Cloud.gov incident

Log outage for OpenSearch

Minor Resolved View vendor source →

Cloud.gov experienced a minor incident on April 17, 2025 affecting Logs front end, lasting 3h 55m. The incident has been resolved; the full update timeline is below.

Started
Apr 17, 2025, 03:46 PM UTC
Resolved
Apr 17, 2025, 07:42 PM UTC
Duration
3h 55m
Detected by Pingoru
Apr 17, 2025, 03:46 PM UTC

Affected components

Logs front end

Update timeline

  1. investigating Apr 17, 2025, 03:46 PM UTC

    We have noticed that no logs are appearing in OpenSearch for customer logs (https://logs.fr.cloud.gov) after approximately 10:11 AM ET. We are investigating and will provide an update as soon as we know more.

  2. monitoring Apr 17, 2025, 04:56 PM UTC

    Update – 12:56 PM ET Status: - Logs are flowing into the OpenSearch cluster again, but indices are still catching up to real time. - Full real-time ingestion is expected to resume within the next few hours. - In the meantime, stream live application logs with: cf logs APP_NAME ---- Technical Details Durable storage & caching: Application logs are first written to S3 for durability, then passed through a cache before landing in OpenSearch.

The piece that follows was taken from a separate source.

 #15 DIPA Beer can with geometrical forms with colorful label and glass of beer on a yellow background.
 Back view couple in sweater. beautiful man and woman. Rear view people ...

This two‑step process ensures no data loss even if the cluster becomes temporarily unavailable. Root cause: Several OpenSearch data nodes exceeded their disk‑usage high watermark. When this threshold is crossed, OpenSearch marks the affected indices as read‑only and rejects new writes. Mitigation: We increased storage capacity on the affected nodes and rebalanced shard allocation across the cluster. The cluster is now healthy and processing the backlog of cached logs. ---- Next Update: We will continue to monitor cluster health and ingestion rates. Our next status update will be posted by 3:30 PM ET, or sooner if anything changes.

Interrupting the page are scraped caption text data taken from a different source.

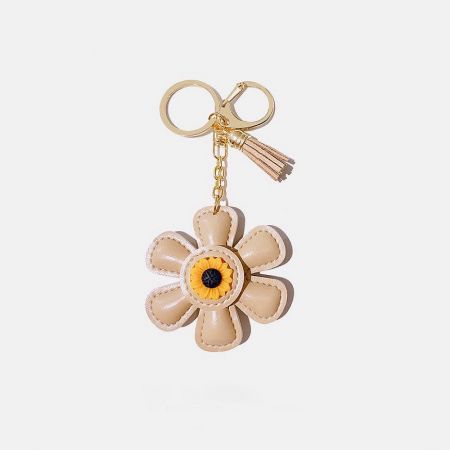 Beige leather sunflower keychain with gold clasp and tassel.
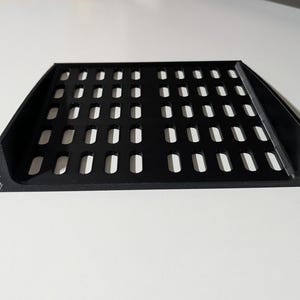 Puede incluir: Estante de rack negro con numerosas perforaciones rectangulares. El estante tiene un borde frontal ligeramente curvado y dos soportes de montaje laterales. Diseñado para equipos.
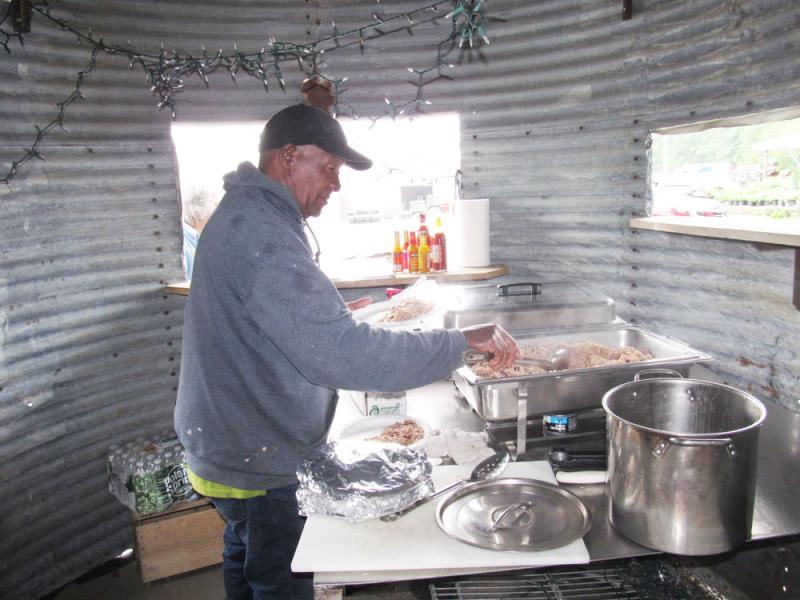 Dennis McCalla has been working for Beth’s Farm Market since 2000, and has a kitchen dedicated for his signature dish. (Photo by Kay Stephens)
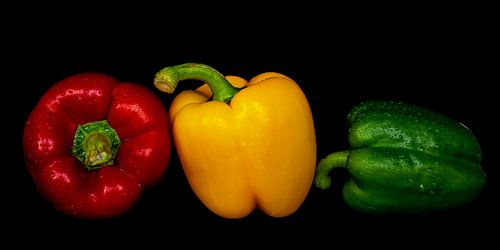 Macro verse paprika's met waterdruppels in kleuren rood geel groen tegen zwarte achtergrond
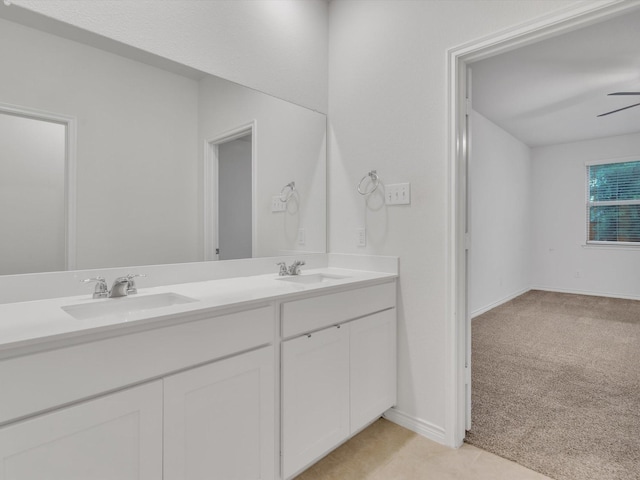1116 Cobalt Dr, Celina, TX 75009 - bathroom with double vanity, ceiling fan, and baseboards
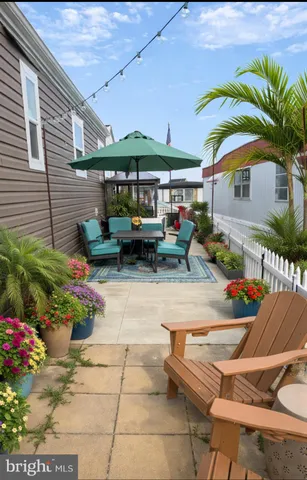 a view of a patio with table and chairs under an umbrella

  3. resolved Apr 17, 2025, 07:42 PM UTC

    Status: • The OpenSearch cluster has processed the entire backlog and is now ingesting logs in real time without delay. • All indices are writable and healthy, and write throughput remains stable. Resolution Details: • We increased disk capacity on the affected data nodes and rebalanced shard allocation to clear the high‐watermark condition. • The cluster’s health is green and all new log events are successfully indexed. • Live log streaming via cf logs APP_NAME continues to work as expected. Next Steps: • We will keep a heightened watch on disk usage and shard distribution over the next 24 hours to ensure sustained health. • If you notice any further issues with log visibility or performance, please open a support ticket. Thank you for your patience and apologies for any inconvenience.